Street food is ruled by Supplì, golden rice croquettes with a molten mozzarella heart, once eaten by workers and now loved by everyone. Their nickname “al telefono” (literally, “on the phone”) refers to the long mozzarella cheese strands that create when the two halves are pulled apart, holding the two sides of the Supplì together like a telephone wire.

Lazio is also the birthplace of Pinsa, often confused with pizza but fundamentally different. Inspired by ancient Roman flatbreads (pinsere means “to stretch”), Pinsa is oval-shaped, lighter, and made with a blend of flours and long fermentation, resulting in a highly digestible base. While pizza evolved in Naples, Pinsa remained tied to Roman baking traditions and has only recently returned to prominence.
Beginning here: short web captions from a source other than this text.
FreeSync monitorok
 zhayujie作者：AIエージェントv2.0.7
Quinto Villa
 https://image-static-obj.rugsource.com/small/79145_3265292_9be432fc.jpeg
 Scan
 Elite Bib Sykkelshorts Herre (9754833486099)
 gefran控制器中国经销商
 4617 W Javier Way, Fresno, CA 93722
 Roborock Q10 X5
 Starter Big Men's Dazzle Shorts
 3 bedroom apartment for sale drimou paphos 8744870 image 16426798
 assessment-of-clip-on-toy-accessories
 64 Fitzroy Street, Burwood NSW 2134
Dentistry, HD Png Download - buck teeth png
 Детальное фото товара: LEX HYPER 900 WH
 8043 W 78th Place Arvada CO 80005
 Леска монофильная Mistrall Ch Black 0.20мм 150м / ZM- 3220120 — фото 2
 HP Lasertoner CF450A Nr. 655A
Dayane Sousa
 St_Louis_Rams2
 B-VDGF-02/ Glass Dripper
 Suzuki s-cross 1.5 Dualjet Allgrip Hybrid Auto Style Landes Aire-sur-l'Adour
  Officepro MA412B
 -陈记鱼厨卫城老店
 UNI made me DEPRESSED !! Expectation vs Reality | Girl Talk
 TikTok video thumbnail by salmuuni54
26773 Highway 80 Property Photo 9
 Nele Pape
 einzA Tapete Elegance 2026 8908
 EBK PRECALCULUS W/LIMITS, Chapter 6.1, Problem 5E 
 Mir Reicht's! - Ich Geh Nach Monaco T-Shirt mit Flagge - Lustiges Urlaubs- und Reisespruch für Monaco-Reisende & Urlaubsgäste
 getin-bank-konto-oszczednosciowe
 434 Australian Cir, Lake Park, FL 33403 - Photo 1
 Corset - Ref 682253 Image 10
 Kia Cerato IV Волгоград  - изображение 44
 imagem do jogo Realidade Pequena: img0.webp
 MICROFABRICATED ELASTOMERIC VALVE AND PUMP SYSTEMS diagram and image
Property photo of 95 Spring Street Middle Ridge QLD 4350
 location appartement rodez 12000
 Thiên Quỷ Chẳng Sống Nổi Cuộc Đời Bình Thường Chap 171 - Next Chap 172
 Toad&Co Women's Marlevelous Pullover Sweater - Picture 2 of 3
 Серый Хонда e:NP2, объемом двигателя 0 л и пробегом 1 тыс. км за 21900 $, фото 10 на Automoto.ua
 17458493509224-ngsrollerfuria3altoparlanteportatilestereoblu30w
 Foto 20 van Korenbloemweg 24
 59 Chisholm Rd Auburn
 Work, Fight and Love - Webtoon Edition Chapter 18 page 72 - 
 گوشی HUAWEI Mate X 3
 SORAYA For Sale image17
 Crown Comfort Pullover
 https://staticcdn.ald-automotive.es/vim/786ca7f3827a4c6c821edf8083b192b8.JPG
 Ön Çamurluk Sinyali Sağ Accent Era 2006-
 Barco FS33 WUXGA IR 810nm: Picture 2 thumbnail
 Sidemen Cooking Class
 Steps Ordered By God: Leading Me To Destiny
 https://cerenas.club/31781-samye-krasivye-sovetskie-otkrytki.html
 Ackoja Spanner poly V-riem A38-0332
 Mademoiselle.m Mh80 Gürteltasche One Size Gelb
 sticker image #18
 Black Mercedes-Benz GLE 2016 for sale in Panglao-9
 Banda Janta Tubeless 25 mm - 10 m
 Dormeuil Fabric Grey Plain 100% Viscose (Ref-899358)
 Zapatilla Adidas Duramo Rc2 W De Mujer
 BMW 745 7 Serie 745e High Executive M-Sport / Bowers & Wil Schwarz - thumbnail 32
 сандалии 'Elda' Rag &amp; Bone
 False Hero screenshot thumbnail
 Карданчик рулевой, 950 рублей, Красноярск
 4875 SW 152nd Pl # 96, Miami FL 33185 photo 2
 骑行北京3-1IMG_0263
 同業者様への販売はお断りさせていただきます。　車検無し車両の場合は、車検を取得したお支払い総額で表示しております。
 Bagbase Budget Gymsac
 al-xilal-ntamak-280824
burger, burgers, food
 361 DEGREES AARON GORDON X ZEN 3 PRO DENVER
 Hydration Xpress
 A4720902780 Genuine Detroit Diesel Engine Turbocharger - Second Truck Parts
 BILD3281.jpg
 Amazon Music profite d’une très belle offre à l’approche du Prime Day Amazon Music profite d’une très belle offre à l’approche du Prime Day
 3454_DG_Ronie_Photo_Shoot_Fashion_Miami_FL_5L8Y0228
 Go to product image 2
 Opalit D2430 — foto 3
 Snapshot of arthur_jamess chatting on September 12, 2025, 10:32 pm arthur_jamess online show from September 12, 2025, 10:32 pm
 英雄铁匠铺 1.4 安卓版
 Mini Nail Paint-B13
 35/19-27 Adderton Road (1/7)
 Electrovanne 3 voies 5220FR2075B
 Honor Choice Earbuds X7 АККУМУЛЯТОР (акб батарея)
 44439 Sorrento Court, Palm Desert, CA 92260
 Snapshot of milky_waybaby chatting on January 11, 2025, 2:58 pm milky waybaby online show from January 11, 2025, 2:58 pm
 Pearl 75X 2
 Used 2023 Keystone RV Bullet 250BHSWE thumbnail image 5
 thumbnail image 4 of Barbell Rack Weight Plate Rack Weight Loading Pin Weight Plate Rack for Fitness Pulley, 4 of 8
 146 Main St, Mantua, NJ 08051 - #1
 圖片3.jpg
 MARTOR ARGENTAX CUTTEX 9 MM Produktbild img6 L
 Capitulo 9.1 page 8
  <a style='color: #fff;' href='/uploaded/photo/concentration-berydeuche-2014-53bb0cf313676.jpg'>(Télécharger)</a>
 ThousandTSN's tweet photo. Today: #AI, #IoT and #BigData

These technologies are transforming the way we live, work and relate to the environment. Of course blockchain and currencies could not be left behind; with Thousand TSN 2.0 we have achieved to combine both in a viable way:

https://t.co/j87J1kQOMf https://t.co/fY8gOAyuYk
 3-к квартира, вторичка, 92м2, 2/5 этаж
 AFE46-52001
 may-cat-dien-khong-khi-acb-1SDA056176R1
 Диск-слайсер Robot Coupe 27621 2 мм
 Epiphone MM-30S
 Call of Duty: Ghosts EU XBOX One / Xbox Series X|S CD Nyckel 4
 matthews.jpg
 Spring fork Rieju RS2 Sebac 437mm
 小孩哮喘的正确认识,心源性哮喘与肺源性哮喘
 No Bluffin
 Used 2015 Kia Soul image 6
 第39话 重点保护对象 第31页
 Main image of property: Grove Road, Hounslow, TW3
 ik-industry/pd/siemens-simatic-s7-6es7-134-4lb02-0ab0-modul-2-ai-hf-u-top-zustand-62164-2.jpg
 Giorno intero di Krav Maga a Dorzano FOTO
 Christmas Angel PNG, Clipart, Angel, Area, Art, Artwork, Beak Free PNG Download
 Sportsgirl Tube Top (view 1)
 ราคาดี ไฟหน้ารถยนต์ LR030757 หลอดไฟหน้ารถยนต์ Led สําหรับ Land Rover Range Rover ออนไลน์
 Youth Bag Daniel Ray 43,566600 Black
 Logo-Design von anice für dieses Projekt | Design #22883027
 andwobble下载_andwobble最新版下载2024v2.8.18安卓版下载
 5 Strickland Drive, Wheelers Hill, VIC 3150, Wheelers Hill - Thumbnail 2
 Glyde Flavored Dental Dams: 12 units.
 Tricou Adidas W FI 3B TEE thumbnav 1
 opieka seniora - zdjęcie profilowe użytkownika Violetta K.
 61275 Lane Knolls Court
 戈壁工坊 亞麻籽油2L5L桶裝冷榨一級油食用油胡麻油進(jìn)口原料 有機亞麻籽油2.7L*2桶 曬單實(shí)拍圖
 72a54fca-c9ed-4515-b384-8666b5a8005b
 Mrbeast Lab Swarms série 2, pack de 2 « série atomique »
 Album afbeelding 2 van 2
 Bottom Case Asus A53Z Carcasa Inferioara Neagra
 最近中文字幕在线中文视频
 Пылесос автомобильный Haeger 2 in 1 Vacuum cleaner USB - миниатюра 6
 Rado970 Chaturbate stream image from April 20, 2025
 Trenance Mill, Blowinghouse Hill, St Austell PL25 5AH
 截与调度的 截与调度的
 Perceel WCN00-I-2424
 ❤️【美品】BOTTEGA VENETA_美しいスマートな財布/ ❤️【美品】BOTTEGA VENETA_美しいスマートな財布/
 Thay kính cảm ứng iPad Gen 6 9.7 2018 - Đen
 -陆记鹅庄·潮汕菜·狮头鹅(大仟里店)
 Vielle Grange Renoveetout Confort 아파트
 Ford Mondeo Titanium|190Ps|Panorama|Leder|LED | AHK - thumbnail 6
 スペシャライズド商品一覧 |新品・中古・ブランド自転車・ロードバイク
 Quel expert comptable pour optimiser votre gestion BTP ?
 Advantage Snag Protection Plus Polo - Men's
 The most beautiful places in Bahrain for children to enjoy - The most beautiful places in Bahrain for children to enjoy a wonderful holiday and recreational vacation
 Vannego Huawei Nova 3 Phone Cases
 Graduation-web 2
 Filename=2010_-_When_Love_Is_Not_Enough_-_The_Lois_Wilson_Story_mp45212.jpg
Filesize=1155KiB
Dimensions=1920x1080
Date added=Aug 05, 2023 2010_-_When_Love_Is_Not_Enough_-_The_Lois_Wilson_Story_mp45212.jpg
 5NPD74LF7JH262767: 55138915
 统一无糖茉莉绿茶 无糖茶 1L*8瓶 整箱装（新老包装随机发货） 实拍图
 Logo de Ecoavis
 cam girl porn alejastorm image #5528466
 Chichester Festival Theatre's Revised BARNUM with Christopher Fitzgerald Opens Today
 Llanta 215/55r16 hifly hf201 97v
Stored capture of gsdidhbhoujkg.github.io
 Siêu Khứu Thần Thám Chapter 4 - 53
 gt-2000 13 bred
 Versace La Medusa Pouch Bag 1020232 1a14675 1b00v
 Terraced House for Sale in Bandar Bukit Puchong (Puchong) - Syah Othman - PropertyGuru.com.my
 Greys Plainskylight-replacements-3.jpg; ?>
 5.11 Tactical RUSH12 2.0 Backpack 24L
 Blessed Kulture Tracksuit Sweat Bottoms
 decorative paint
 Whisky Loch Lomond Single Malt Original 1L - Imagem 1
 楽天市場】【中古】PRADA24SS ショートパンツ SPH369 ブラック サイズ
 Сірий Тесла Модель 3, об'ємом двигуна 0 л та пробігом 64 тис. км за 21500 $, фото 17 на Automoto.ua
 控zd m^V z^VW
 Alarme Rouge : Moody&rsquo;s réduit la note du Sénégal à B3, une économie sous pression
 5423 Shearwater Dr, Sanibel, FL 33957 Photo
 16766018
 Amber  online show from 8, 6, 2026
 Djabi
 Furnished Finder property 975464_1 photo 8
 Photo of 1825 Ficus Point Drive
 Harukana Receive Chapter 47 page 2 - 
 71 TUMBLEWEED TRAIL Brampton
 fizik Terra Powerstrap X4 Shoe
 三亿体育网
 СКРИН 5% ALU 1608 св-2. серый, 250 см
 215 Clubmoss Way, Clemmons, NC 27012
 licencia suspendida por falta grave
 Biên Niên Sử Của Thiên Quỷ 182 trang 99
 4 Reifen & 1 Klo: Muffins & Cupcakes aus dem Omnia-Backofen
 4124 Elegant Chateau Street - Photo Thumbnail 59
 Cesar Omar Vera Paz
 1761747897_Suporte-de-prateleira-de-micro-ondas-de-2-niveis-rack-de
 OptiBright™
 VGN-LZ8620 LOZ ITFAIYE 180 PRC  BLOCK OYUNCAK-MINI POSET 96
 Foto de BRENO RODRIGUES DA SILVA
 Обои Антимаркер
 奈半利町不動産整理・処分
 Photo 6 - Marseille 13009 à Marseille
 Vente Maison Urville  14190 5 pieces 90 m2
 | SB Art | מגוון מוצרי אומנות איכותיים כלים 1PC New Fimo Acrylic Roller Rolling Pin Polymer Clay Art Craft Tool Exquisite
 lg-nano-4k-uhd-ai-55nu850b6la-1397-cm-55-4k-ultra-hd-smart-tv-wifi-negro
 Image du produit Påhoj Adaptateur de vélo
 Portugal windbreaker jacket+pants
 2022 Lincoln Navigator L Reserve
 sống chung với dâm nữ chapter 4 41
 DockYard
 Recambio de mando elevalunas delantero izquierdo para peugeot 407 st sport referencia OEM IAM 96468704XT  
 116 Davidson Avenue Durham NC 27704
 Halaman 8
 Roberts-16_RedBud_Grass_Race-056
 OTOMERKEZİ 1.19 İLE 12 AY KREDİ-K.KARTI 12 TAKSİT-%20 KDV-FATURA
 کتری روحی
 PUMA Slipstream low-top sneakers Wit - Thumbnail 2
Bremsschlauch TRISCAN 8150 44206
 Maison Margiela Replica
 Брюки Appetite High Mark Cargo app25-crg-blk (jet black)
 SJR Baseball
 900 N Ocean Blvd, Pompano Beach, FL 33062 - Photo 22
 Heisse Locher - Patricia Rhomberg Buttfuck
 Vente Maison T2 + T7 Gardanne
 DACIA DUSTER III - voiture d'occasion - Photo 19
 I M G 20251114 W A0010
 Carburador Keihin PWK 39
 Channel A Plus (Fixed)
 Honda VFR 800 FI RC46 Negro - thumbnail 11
Sweet traditions are humble but deeply symbolic: the famous Maritozzo tells a love story; once given by young men to their future brides, sometimes hiding a ring inside the soft bun filled with whipped cream. Today it’s a Roman breakfast classic, enjoyed with coffee in the early morning hours.

All of this is best accompanied by a glass of Frascati, Lazio’s most famous white wine: fresh, lightly aromatic, and designed to support food rather than dominate it. But Lazio’s wine story goes far beyond Frascati: the region boasts a rich variety of DOC wines, from crisp whites like Malvasia Puntinata and Bellone to elegant reds such as Cesanese del Piglio and Cesanese di Olevano Romano. Each wine reflects the diverse soils and microclimates of Lazio, from the volcanic hills around Rome to the coastal plains, offering a perfect pairing for the region’s cheeses, cured meats, and hearty pasta dishes.

Ancient Bites:

If we look even further back, ancient Roman cuisine offers fascinating inspiration. In the writings of Apicius, we find “Isicia omentata”: seasoned pork mixed with egg, spices, and wine, wrapped in caul fat and cooked gently. Often described as an ancestor of the modern meatball or even an early cousin of the hamburger, it reveals how Romans already understood the magic of pork fat, eggs, and bold seasoning, combinations that still define Lazio’s cooking today.